I was interested in this article, which is about the pet theory Andy Thomson (psychiatrist at the University of Virginia) has that there is overall an evolutionary advantage to depression:
Like most evolutionary psychology theories, it has some interesting stuff but a strong whiff of just-so story about it. (The article writer even uses the phrase “just-so story,” which makes me happy.)
The part I was most suspicious of was his attempt to find an evolutionary advantage to the worst and most severe symptoms of depression — you know, the can’t-get-out-of-bed kind. Oh, it give you time alone to think! is sort of his point, and I just don’t buy it.
But, what if depression the mental disorder is a malfunction of something that presents an advantage in other areas? What if the capacity to experience major depressive disorder is a piggyback on something that does confer an advantage? A lot of the body seems to work that way, after all. Look at the huge number of auto-immune diseases, some of them deadly, does that mean we’re better off without our immune system?
One study cited within the article suggests there might be a cognitive advantage to a slightly melancholy mood — but it’s a long way from “melancholy” all the way to severe, long-lasting depression.

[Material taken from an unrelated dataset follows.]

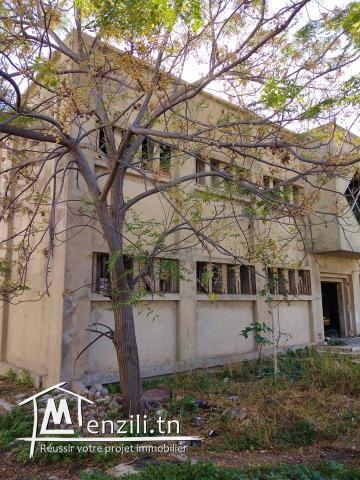 A Vendre une industrie avec terrain au zone industrielle Charguia 1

Take that with this article about how a new statistical analysis of clinical drug trials suggests that antidepressants don’t actually work all that well:
The distinction is between statistical advantage over a placebo — which is there — compared to a clinical advantage — which doesn’t seem to be there except in the most severe cases of depression.
In other words, for most depressed people, antidepressants might help, but only slightly, and probably not enough to be worth the cost, addiction, unwanted physical effects, risk, and other side effects of medication.
Anyway, I wanted to throw this out there because I know that so many of you have experienced depression, treated and untreated, drugged and undrugged. Do you have an opinion? A story to share? I’m interested.